The construction of the new line proceeded and it was fully opened in July 1903. There was a station at Little Somerford. In anticipation of the opening, to avoid confusion, Somerford station on the Malmesbury branch was renamed Great Somerford from 1 January 1903. The new line crossed over the old branch adjacent to the River Avon near Little Somerford.

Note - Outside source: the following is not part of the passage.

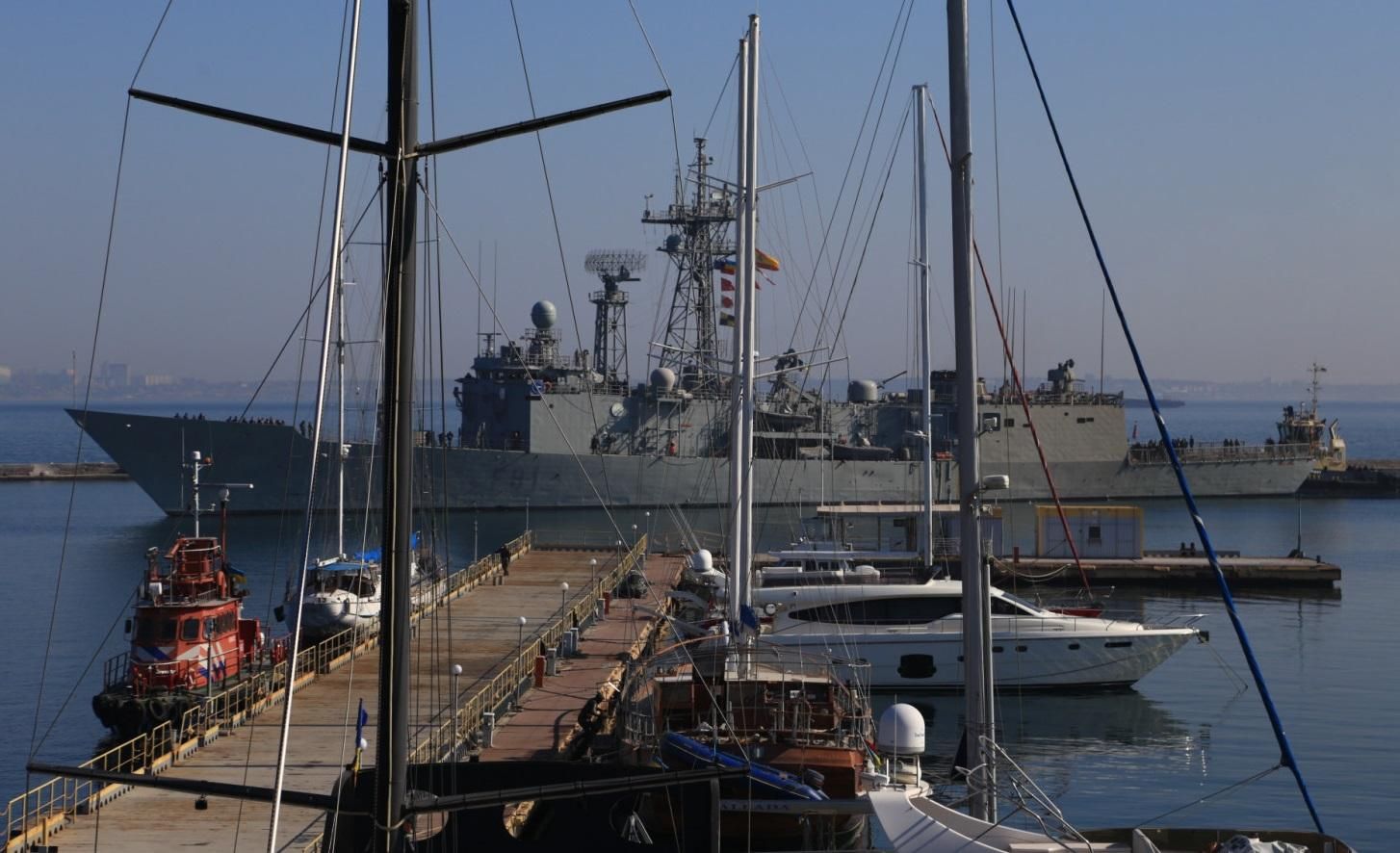 До Одеси прибувають військові кораблі НАТО: фото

In the 1920s and 1930s the GWR had been examining the means by which the operating expenses of branch lines might be reduced, and a proposal was put forward to make the Malmesbury branch join the Badminton line at Little Somerford, instead of Dauntsey on the Chippenham line. This was approved, and the main construction work, a connecting link at Little Somerford on a gradient of 1 in 50 up to the Badminton line, started on 9 May 1932. On 17 July 1933 the new connection opened and the Dauntsey section was closed; Little Somerford was the junction station for Malmesbury, and Great Somerford station closed.

The main line stopping service at Little Somerford was sparse – four trains each way daily – but there was a morning through train from Swindon, an afternoon through train from Malmesbury to Wootton Bassett, and an evening round trip to Swindon. The Malmesbury branch train used the main line platforms, as no bay was provided.

===Stabling on the Dauntsey line===
Following closure of the Dauntsey section, the former line was used for wagon storage. From July 1934 the configuration was changed to give access from the Somerford end, a connection being laid in specially, referred to as Kingsmead Siding.

===Closure===
After the Second World War, passenger usage of the line declined abruptly; a two-hourly regular bus service from Swindon to Bristol via Malmesbury was started in 1948, providing greater convenience than the train service, and other services to Chippenham and elsewhere soon followed. A survey showed that only 23 passengers used the 11:35 train from Malmesbury in a sample week. Closure was inevitable despite local opposition, and the last train ran on 8 September 1951.

Goods traffic continued on the branch; Malmesbury signal box was abolished in 1956, with the yard points being hand worked. Business continued to decline and total closure of the branch took place on 11 November 1962.